== PROBLEM ==
In the listing below, find the line with "Printed Cotton Shirts, Fashion" and the line with "Rust Map: Procedural", then return them and every line between them exactly, minus the pictures.

== MATERIAL SUPPLIED ==
=== Section Start ===

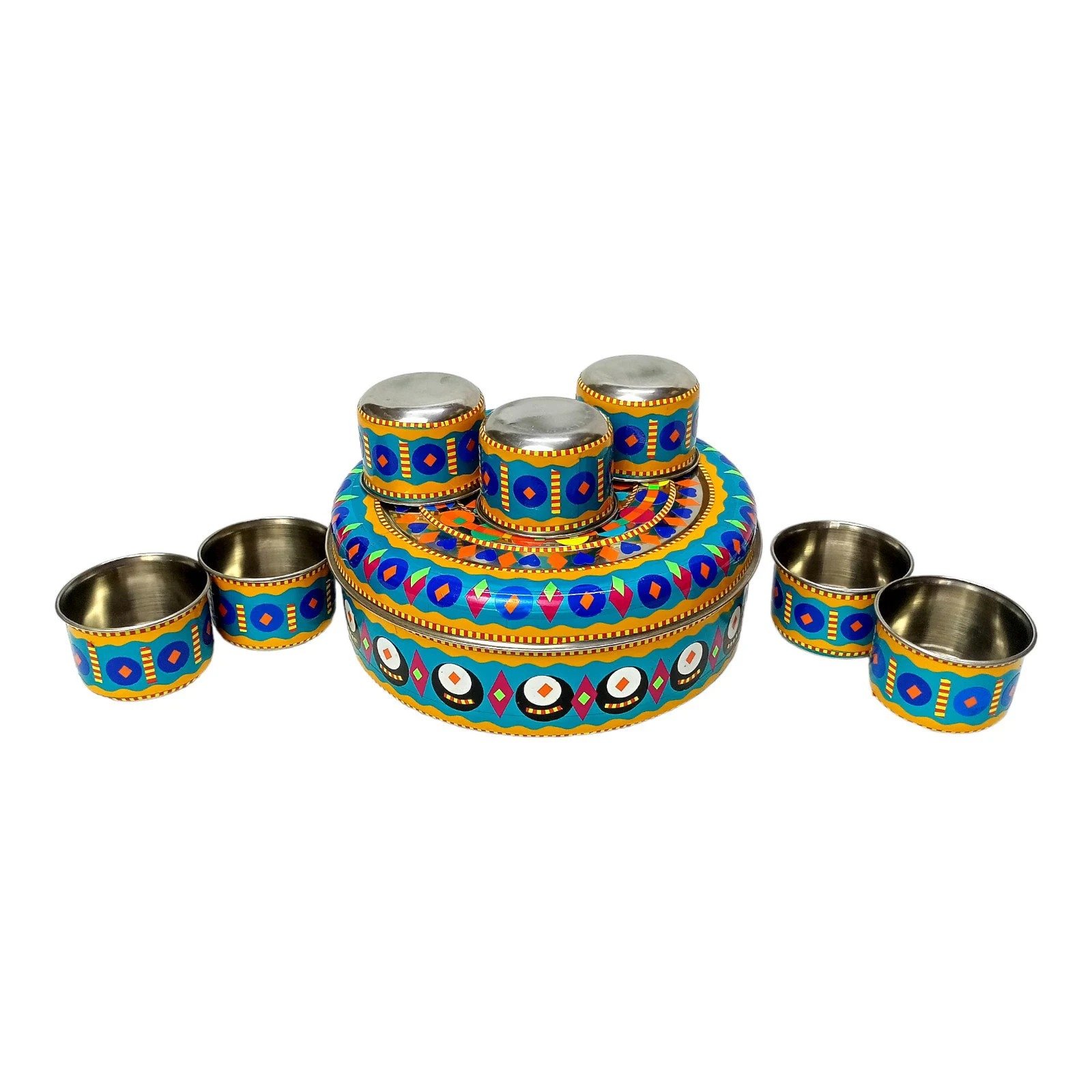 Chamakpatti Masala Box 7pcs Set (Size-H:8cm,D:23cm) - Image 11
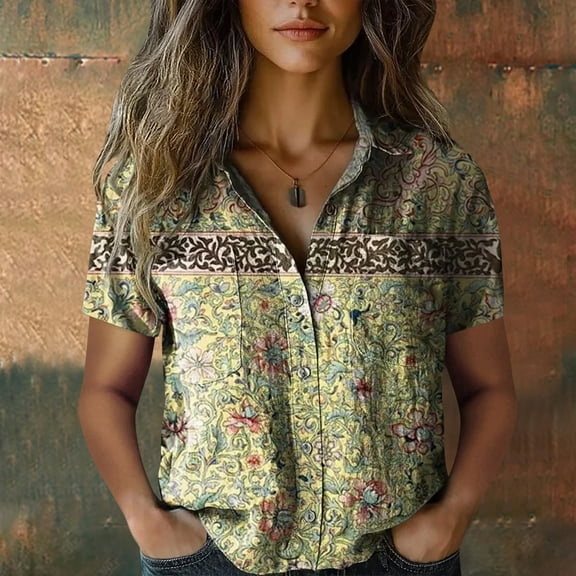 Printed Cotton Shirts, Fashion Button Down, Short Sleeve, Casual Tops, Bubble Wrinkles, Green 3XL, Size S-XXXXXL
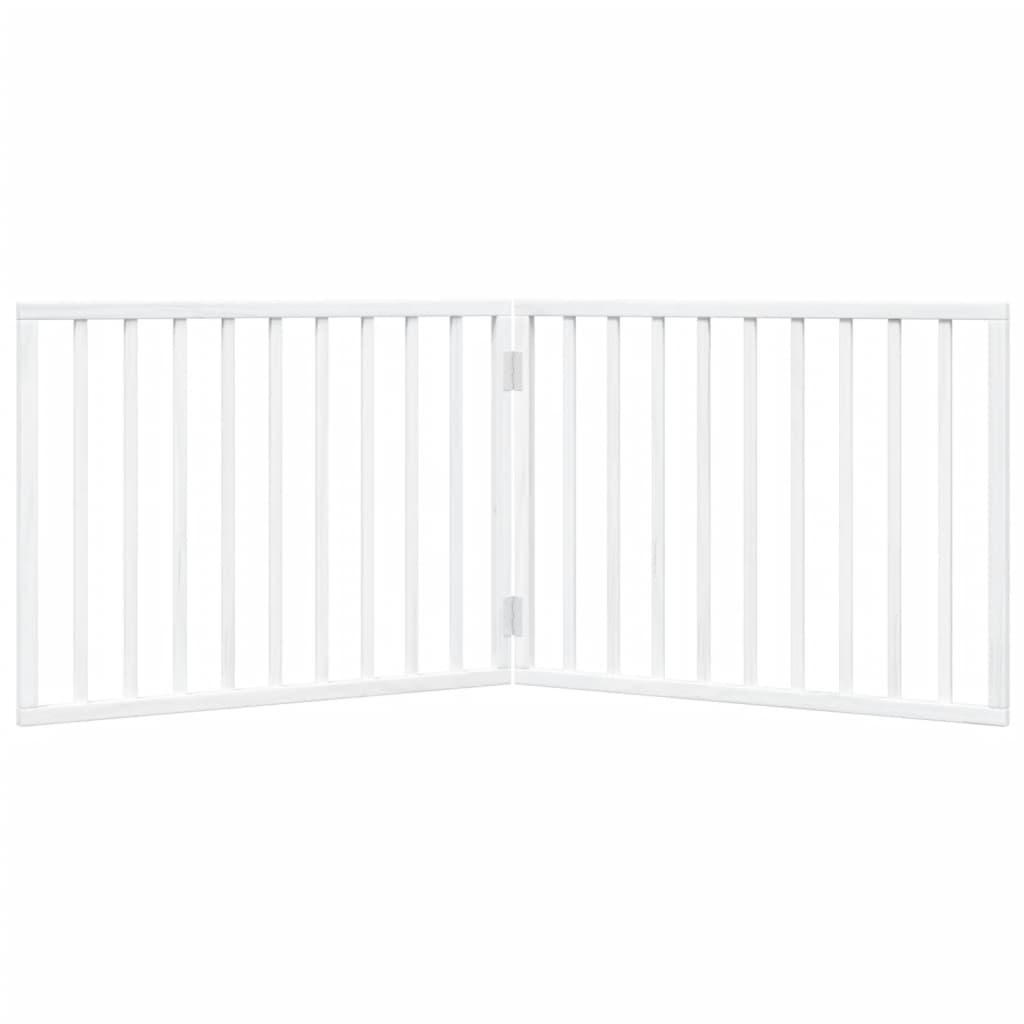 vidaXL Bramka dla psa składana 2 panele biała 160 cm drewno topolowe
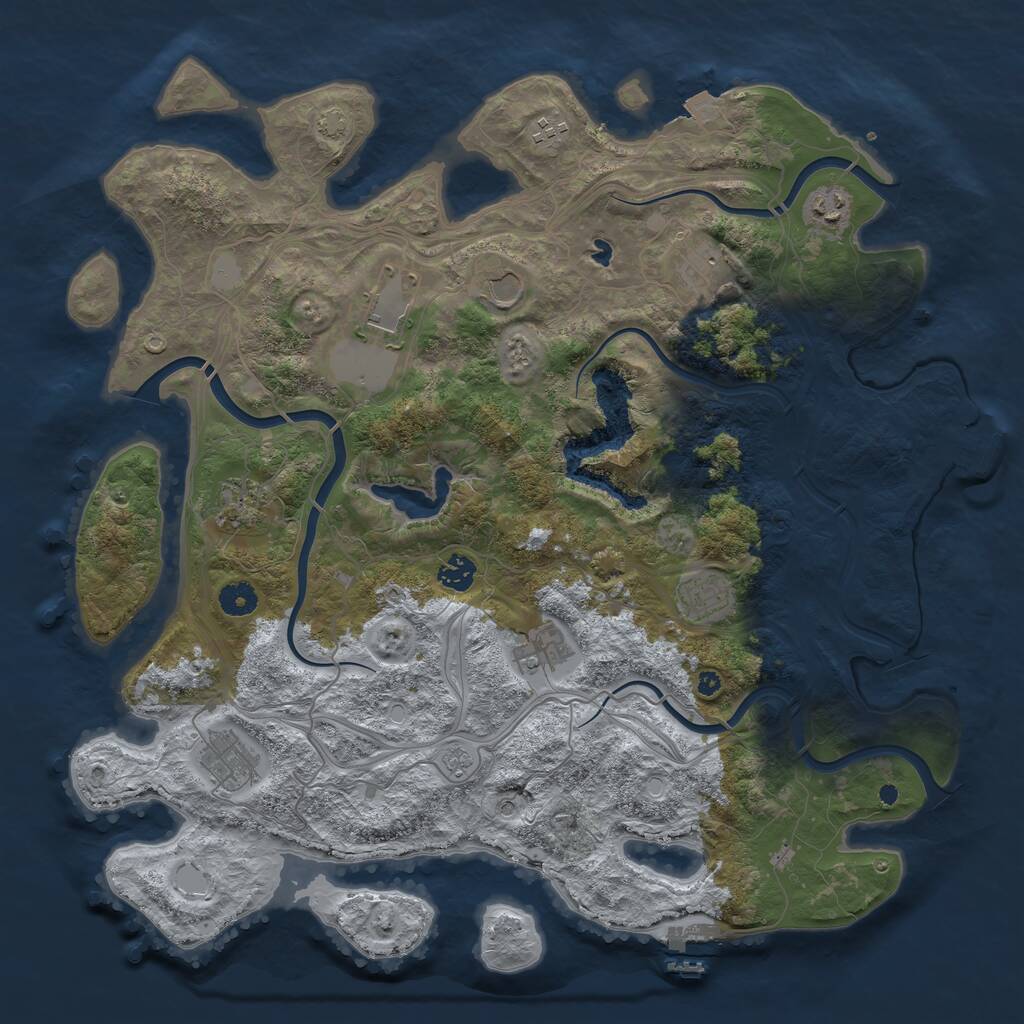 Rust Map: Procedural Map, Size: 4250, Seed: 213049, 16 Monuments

=== Section End ===
=== Section Start ===

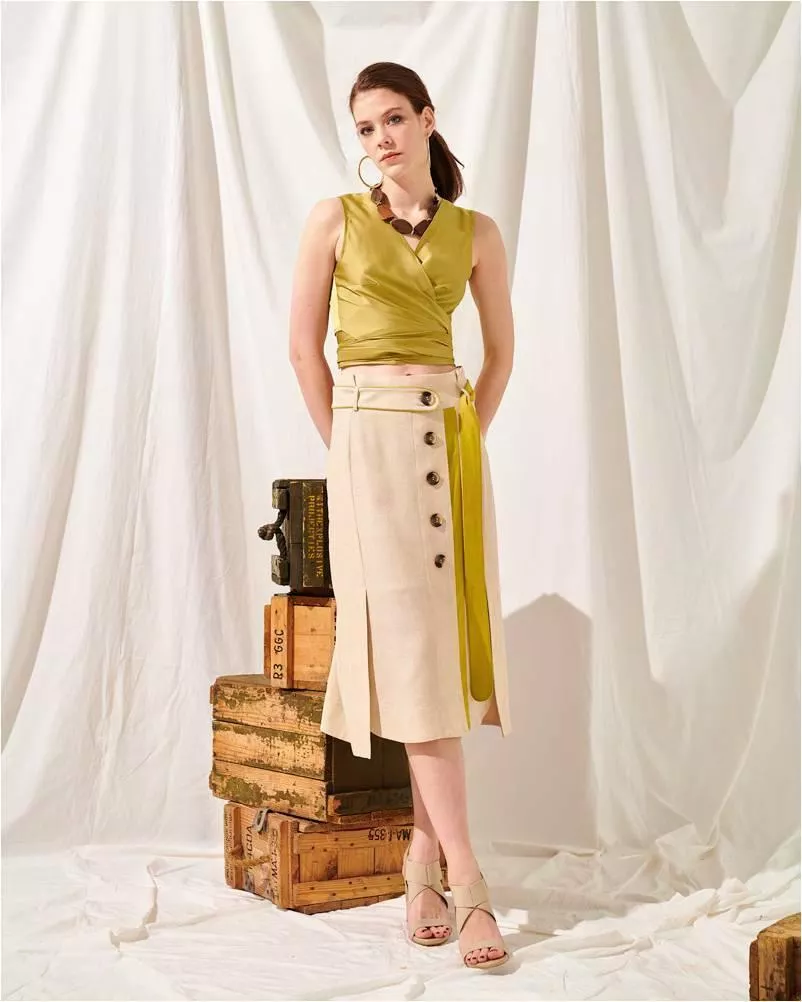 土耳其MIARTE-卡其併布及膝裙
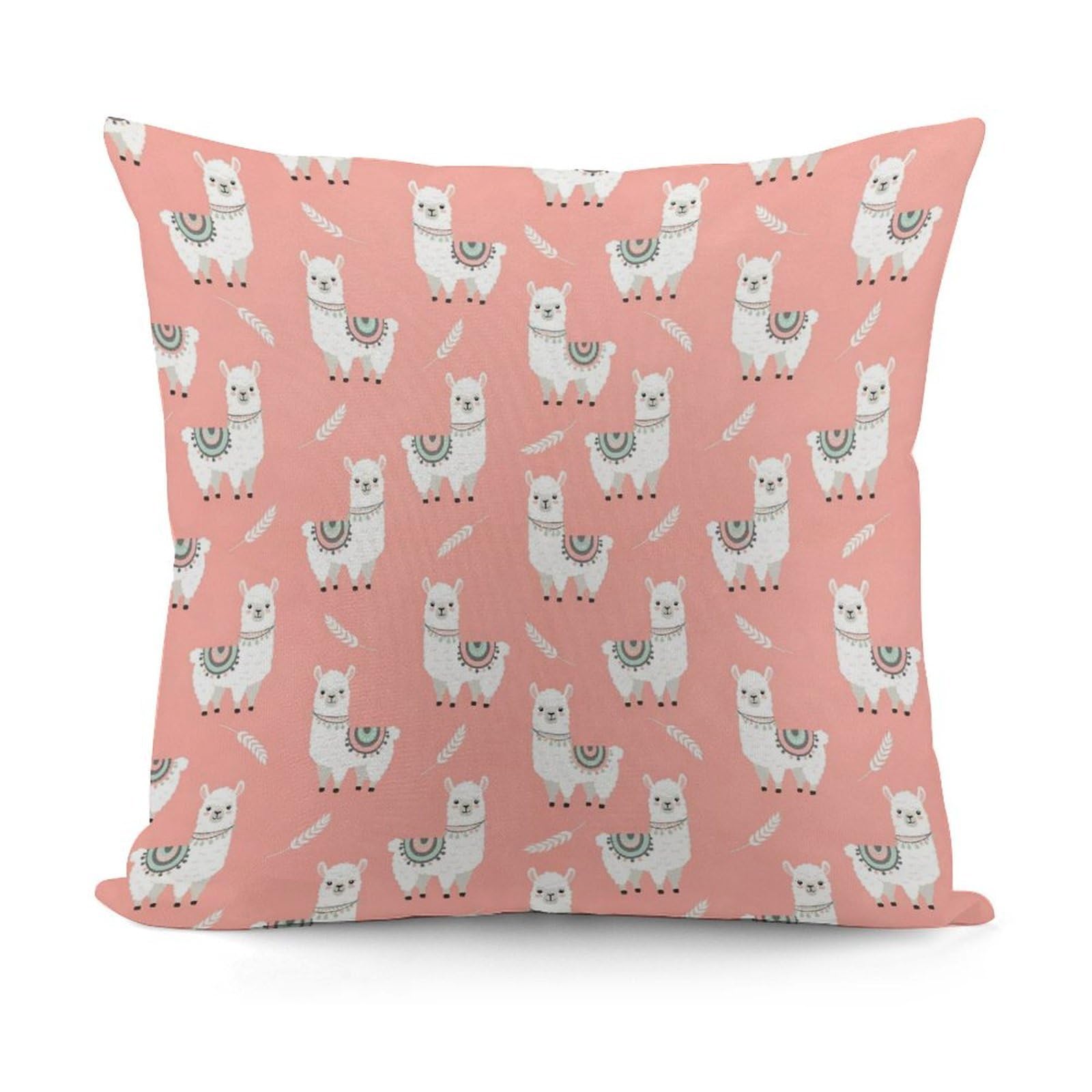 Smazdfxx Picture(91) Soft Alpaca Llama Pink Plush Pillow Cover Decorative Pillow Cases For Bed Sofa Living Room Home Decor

=== Section End ===
=== Section Start ===

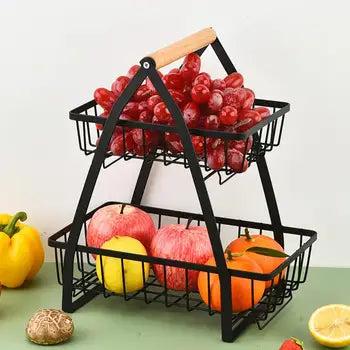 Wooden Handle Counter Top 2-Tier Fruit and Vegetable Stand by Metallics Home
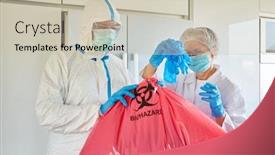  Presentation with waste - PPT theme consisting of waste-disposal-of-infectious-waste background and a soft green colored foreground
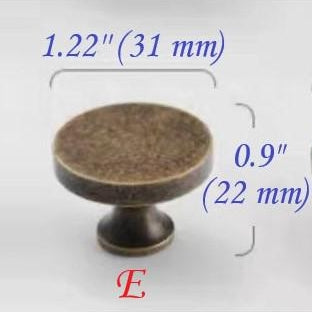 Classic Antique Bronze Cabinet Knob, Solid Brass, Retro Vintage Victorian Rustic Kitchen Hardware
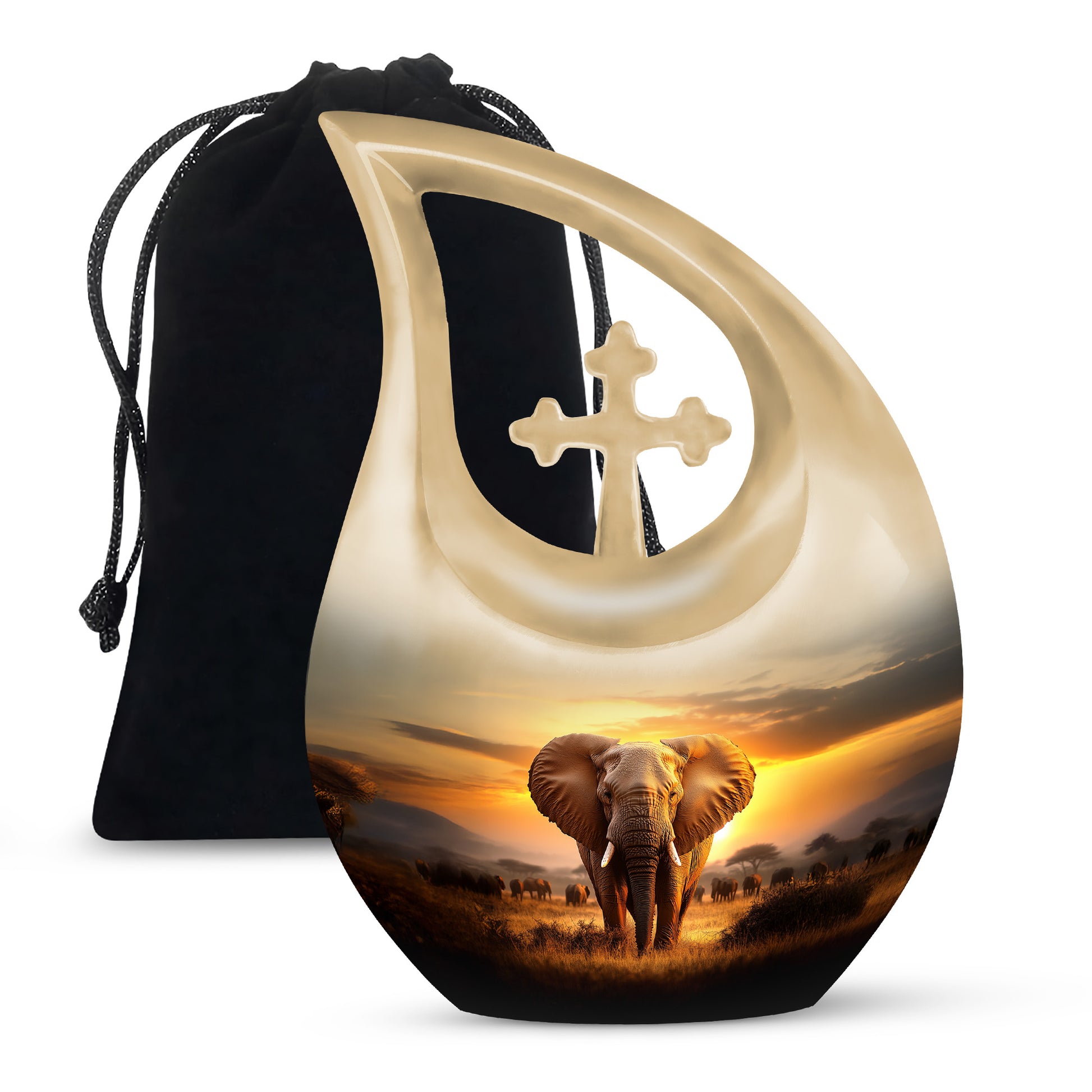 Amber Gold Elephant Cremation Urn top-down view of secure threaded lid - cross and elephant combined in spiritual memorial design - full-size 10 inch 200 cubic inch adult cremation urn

=== Section End ===

== TASK SOLUTION ==
 Printed Cotton Shirts, Fashion Button Down, Short Sleeve, Casual Tops, Bubble Wrinkles, Green 3XL, Size S-XXXXXL
 vidaXL Bramka dla psa składana 2 panele biała 160 cm drewno topolowe
 Rust Map: Procedural Map, Size: 4250, Seed: 213049, 16 Monuments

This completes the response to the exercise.